In this tutorial, you will:

  • Understand the role of BioMol as a unified container for molecular structures.

  • Learn how to define and organize atom, residue, and chain features.

  • Instantiate a BioMol object and explore its basic access patterns.

Importing Modules#

To create a BioMol instance, you will:

  1. Define features for atoms, residues, and chains.

  2. Build feature containers for each level.

  3. Create an index table to establish hierarchical relationships.

Let’s begin by importing the necessary modules:

import numpy as np

from biomol import BioMol
from biomol.core import EdgeFeature, FeatureContainer, IndexTable, NodeFeature

Defining Features#

Next, define features—such as element symbols or custom flags—for atoms, residues, and chains. Use NodeFeature for node-associated features or EdgeFeature for edge-associated features.

For edge features, the src_indices and dst_indices correspond to nodes in the container.

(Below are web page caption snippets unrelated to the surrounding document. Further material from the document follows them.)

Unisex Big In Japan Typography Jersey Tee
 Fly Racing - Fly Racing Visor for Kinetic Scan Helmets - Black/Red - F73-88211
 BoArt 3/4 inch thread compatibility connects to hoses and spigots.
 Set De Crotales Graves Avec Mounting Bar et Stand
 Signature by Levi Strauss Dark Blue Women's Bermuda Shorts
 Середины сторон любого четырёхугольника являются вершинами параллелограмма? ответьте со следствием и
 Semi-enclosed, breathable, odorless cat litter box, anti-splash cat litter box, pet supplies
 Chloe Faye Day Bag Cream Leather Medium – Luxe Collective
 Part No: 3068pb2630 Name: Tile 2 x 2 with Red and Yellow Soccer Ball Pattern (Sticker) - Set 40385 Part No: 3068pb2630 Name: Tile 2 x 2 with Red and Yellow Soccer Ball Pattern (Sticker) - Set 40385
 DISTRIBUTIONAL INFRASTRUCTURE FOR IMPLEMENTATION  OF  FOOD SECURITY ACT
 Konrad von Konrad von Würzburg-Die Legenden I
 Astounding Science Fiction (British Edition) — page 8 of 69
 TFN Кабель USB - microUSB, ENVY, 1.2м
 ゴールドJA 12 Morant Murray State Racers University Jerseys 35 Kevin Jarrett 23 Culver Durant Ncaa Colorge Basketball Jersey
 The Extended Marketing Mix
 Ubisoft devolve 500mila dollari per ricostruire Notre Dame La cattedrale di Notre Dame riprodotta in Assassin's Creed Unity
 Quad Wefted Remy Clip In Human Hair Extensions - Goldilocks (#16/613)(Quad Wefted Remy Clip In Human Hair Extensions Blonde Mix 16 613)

atom_positions = NodeFeature(
    value=np.array(
        [
            [0.0, 0.0, 0.0],
            [1.4, 0.0, 0.0],
            [1.4, 1.4, 0.0],
            [0.0, 1.4, 0.0],  # ALA-1
            [2.8, 0.0, 0.0],
            [4.2, 0.0, 0.0],
            [4.2, 1.4, 0.0],
            [2.8, 1.4, 0.0],  # GLY-2
            [5.6, 0.0, 0.0],
            [7.0, 0.0, 0.0],
            [7.0, 1.4, 0.0],
            [5.6, 1.4, 0.0],  # ALA-3
        ],
    ),
)

atom_names = NodeFeature(
    value=np.array(["N", "CA", "C", "O"] * 3),
)

atom_bond = EdgeFeature(
    value=np.array(
        [
            "covalent",
            "covalent",
            "covalent",
            "covalent",
            "covalent",
            "covalent",
            "covalent",
            "covalent",
            "covalent",
            "covalent",
            "covalent",
        ],
    ),
    src_indices=np.array([0, 1, 2, 2, 4, 5, 6, 6, 8, 9, 10]),
    dst_indices=np.array([1, 2, 3, 4, 5, 6, 7, 8, 9, 10, 11]),
)
residue_ids = NodeFeature(value=np.array([1, 2, 3]))
residue_names = NodeFeature(value=np.array(["ALA", "GLY", "ALA"]))
chain_ids = NodeFeature(value=np.array(["A"]))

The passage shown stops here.